The existing property development project doesn’t work in its current structure, but there is an opportunity to make it work if ownership is restructured. The intention is to keep the design, consents and construction works predominantly as-is, complete only what is absolutely necessary and restructure future ownership. Here are some examples of restructuring projects:[1]
Convert sales
into leasing. Assume a 100-unit condominium project has
contracted sale prices that do not cover the cost to complete construction. The
lender now controls the project and you have been brought in to assess how to resurrect
it through restructure. Selling a half-completed project will mean a
substantial loss to the lender so they are prepared to work it through. The condominium
market has deteriorated below original list prices so there is no opportunity
to ask buyers for more money. All contracts will need to be terminated. However,
there is no point trying a new marketing campaign to sell condos as market
prices do not support the remaining construction costs. The best course of
action you determine (at least the lesser hit to the lender’s wallet) is to complete
the project and lease the units in the rental market. You would continue to
rent until the ‘for sale’ market appreciates, and you can sell down units or
until a suitable long-term investor is found to purchase the completed
development. Taking it further down the ‘for rent’ spectrum would be a conversion
into short stay serviced apartments.
Convert
leasing into sales. Typically, this type of restructure occurs
mid-cycle in an appreciating residential real estate market.[2] As the market improves,
yields generated by for rent units generally get surpassed by the effective
yields home buyers are prepared to pay. The arbitrage gap allows a developer to
purchase a block of residential units at say 10% yield, undertake cosmetic
renovations, create separate ownership titles and sell to individual buyers at
an effective 5% yield.
To
illustrate, assume a 10-unit apartment project, when complete, is worth
$5,000,000 with a gross rental of $500,000 (10% yield). Unfortunately, the
‘for-rent’ developer has defaulted on the loan and you are looking to purchase
the half-finished opportunity from the bank. You determine that if you
restructure future ownership to individual home buyers, they will pay $750,000
per unit. The total income you receive is $7,500,000. The rental remains
at $500,000 but dividing it by the for-sale price represents an effective yield
of 6.67%. There are costs — $500,000 in legal, utility separation, marketing
and some redesign. But you have created two million dollars by magic!

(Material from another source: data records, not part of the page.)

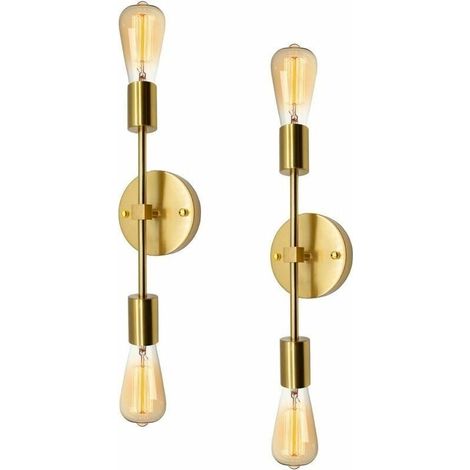 Vanity Light Industrial Wall Light, 2 Pack Vintage Bathroom Lights, Gold Wall Sconce, Vanity Light Retro Lamp, 2-Light Vintage Wall Light for Bathroom, Hallway (1/4)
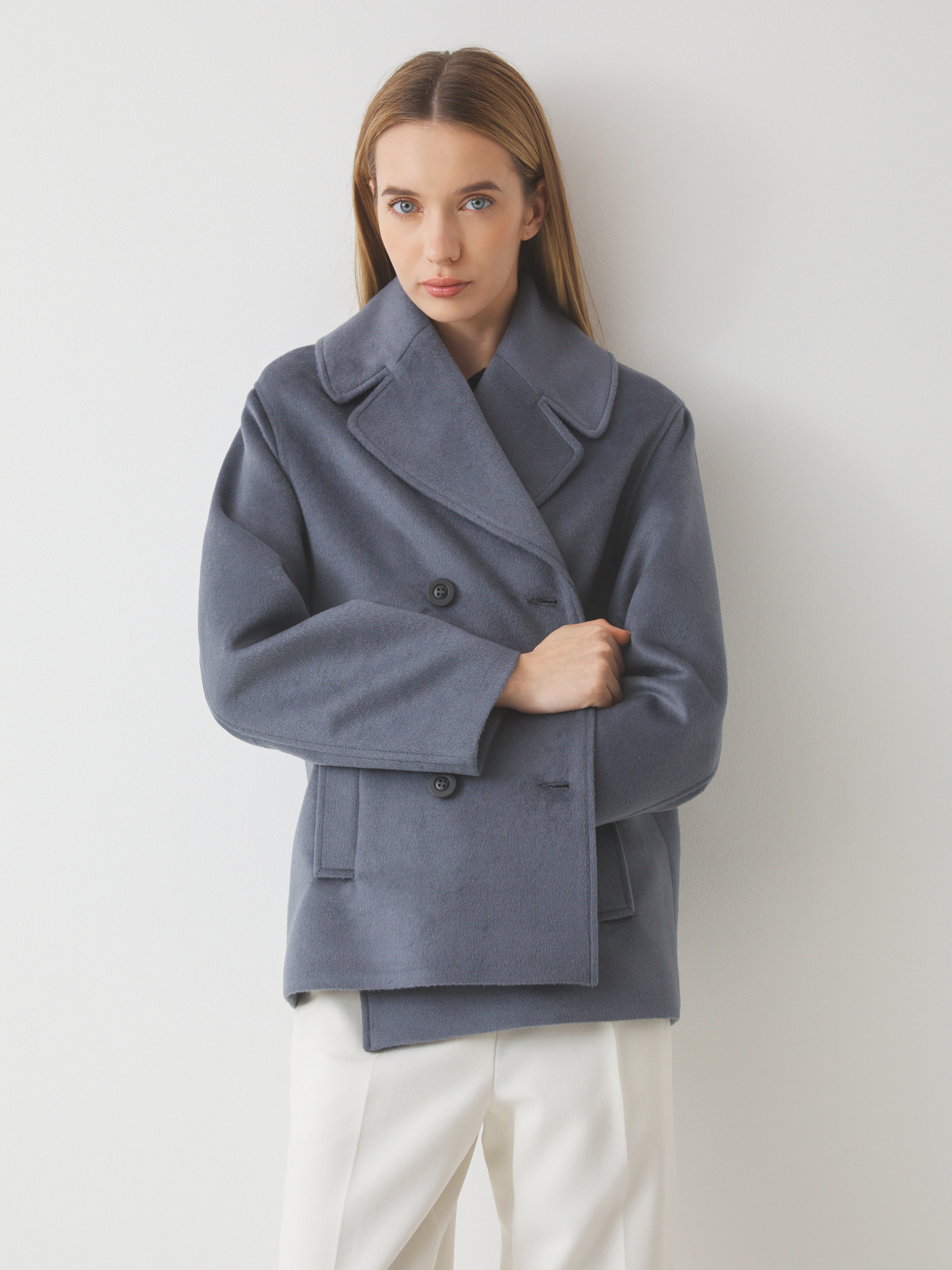 Женское полупальто MAISON DAVID SABINA_084 4674738, серо-синий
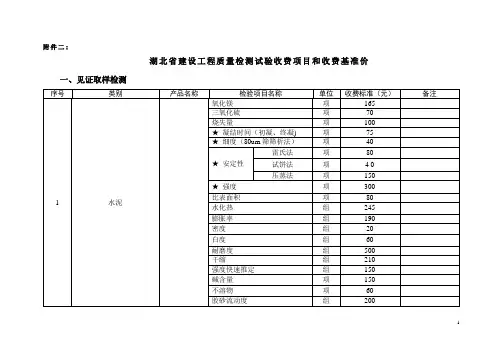 湖北省建设工程质量检测试验收费项目和收费基准价.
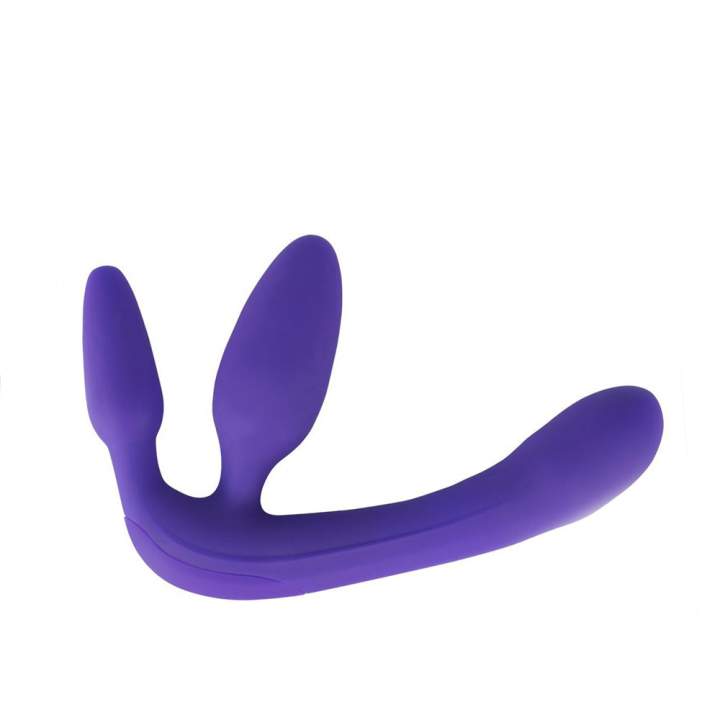 Silikonowy potrójny strap-on z wibracjami - fioletowy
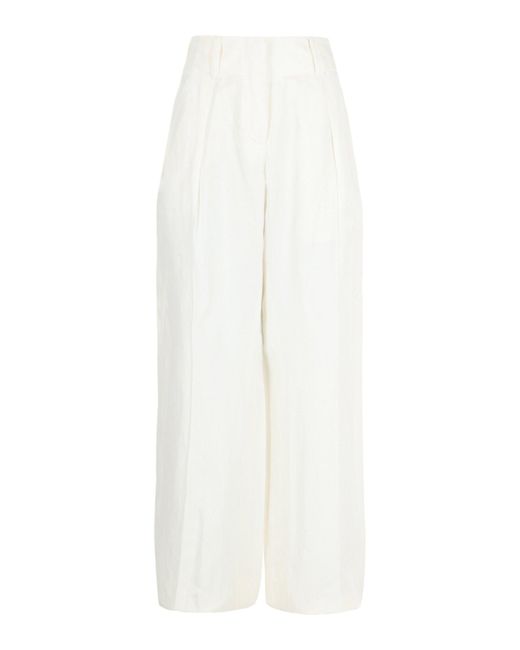 Ferragamo White Silk Blend Wide-Leg Pants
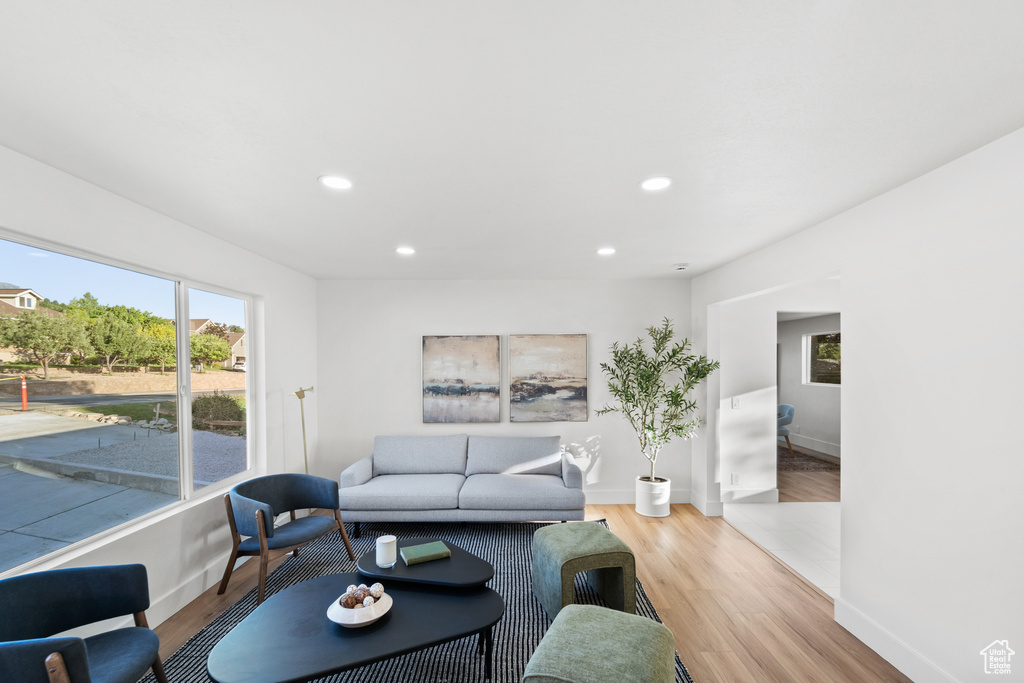 Living room with recessed lighting and wood finished floors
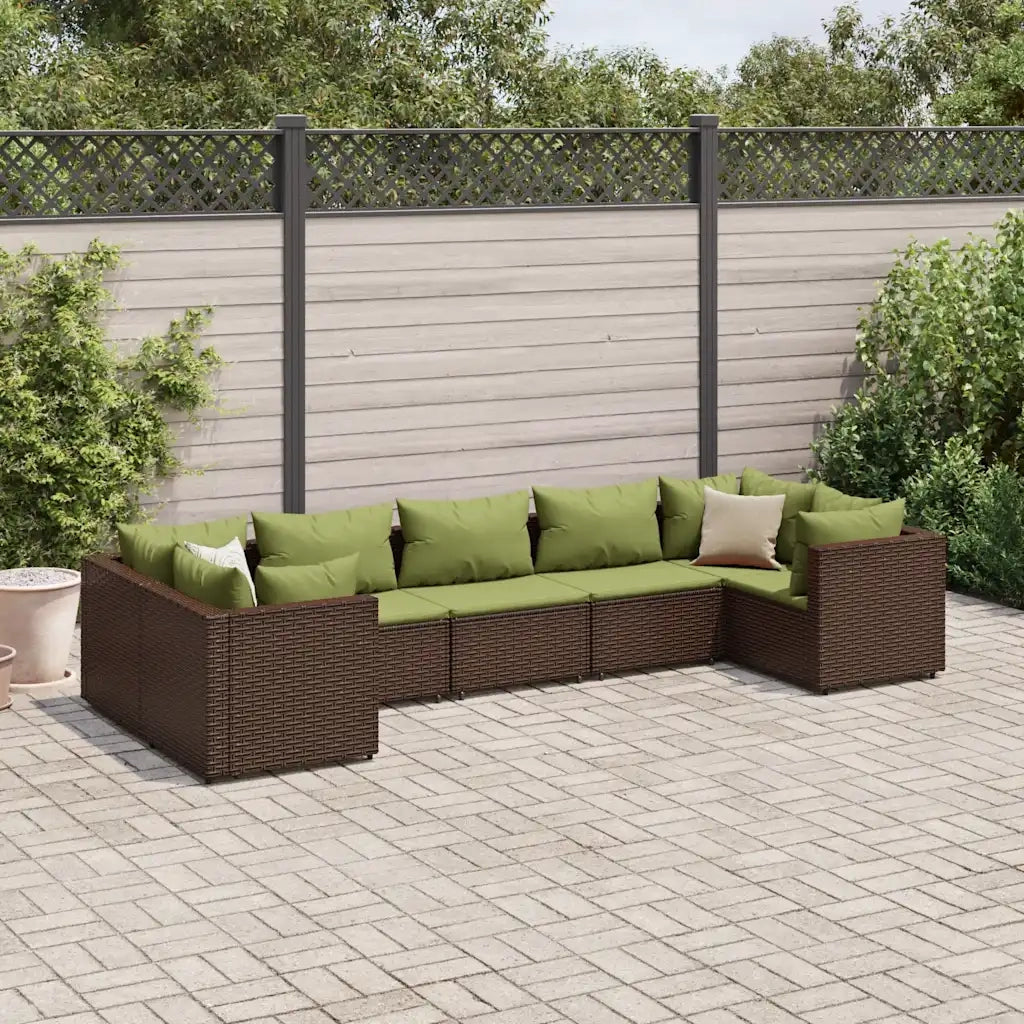 Set Divani da Giardino 7 pz con Cuscini in Polyrattan Marrone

Another example is converting a for-lease building to for-sale office, retail
or industrial condominiums. Rather than continuing to
try and lease a large space you sell off individual units (like floors or adjacent
spaces). This restructure is viable when the market to smaller investors and
owner operators is superior to the general leasing market or selling to larger
investors.
Sales or
leasing into hold. Selling the project is only feasible
with a heavy discount. Leasing it on completion carries too higher operating cost
and low rentals and detracts from a more profitable use in the future. In this
case you complete construction to a certain point and restructure to hold until
a better time to sell or lease eventuates. An example is where you have created
a residential subdivision but take the sections off the market and move
it from an expensive debt leveraged position to a long-term hold and equity
position. Or it may be farmland originally to be developed, where the market
has changed, and you decide to continue to hold as farmland. Or it might be
leaving the expensive internal fitout of the penthouse in an apartment building unfinished
until the market improves.
[1] You see restructures all the time post the
peak of a market cycle.
[2] Americans know all about the condo-conversion craze!